You sit in your seat at the Hibiya Concert Hall, an outside venue in the style of a Roman amphitheater with its rows of seats that curve in a semi-circle around the stage. A man dressed in a white suit sits at the piano. He looks to be in his late 60s, and there’s a tired look in his eyes behind the round frame of his glasses as he prepares himself for the next number.

And then he starts, that melody that you know so well, the one that you have hummed to yourself over and over again when you first heard it. Behind him, the drummer gently brushes the snare drums to set the even notes. Antonio Carlos Jobim begins to sing of love and of poets.

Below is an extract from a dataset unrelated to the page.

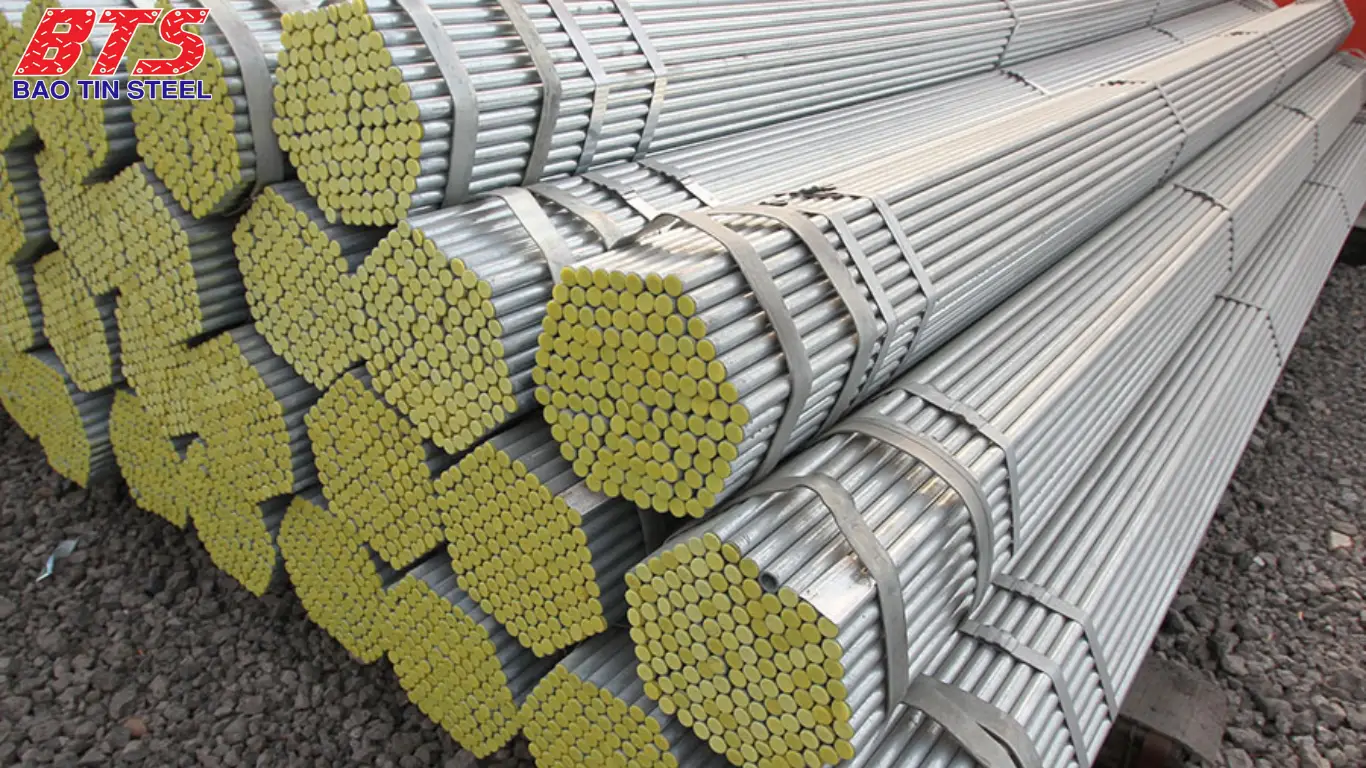 ống thép đúc mạ kẽm tại Bình Dương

In jazz clubs or jazz kissa (short for jazz kissaten which translates into jazz ‘cafeterias’) all over Tokyo, from the Pit Inn of Shinjuku, one of the oldest, to JBS in Shibuya, a monument to the former-world of vinyl, Jobim’s Desafinado was the definitive jazz standard for cool in the 1950s. In English, the song's title means "off key" or "out of tune." The grooves on the track of the classic LP album Getz/Gilberto a little worse off for wear from the needle of the turntable; the inspiring jazz musicians improvising with the melody in their sessions, adopting it as their own as did the Japanese songwriter Tadashi Yabe for his group UFO.

But here he is, the song’s creator, right there on stage for the first time ever in Japan to perform it in the middle of Tokyo, within the lusciousness of Hibiya Park, the oldest one in Japan, with its cherry blossom trees and ponds scattered throughout in contrast to the development around it.

As you look around the concert hall, modern glass buildings surround you as if growing from behind the row of dogwoods itself. Over your right shoulder, a 25-storey building houses the Ministry of Health, buzzing with employees thinking no doubt of Japan’s aging population. Behind that is the Emperor’s palace, surrounded by its own moat.

But as you look back onto the stage, you try to put everything out of your mind. Jobim plays the piano, accompanied by the flutist and five female singers who sing the song in the original Portuguese. Jobim misses his cue and his last few notes are off-key. It’s perfect.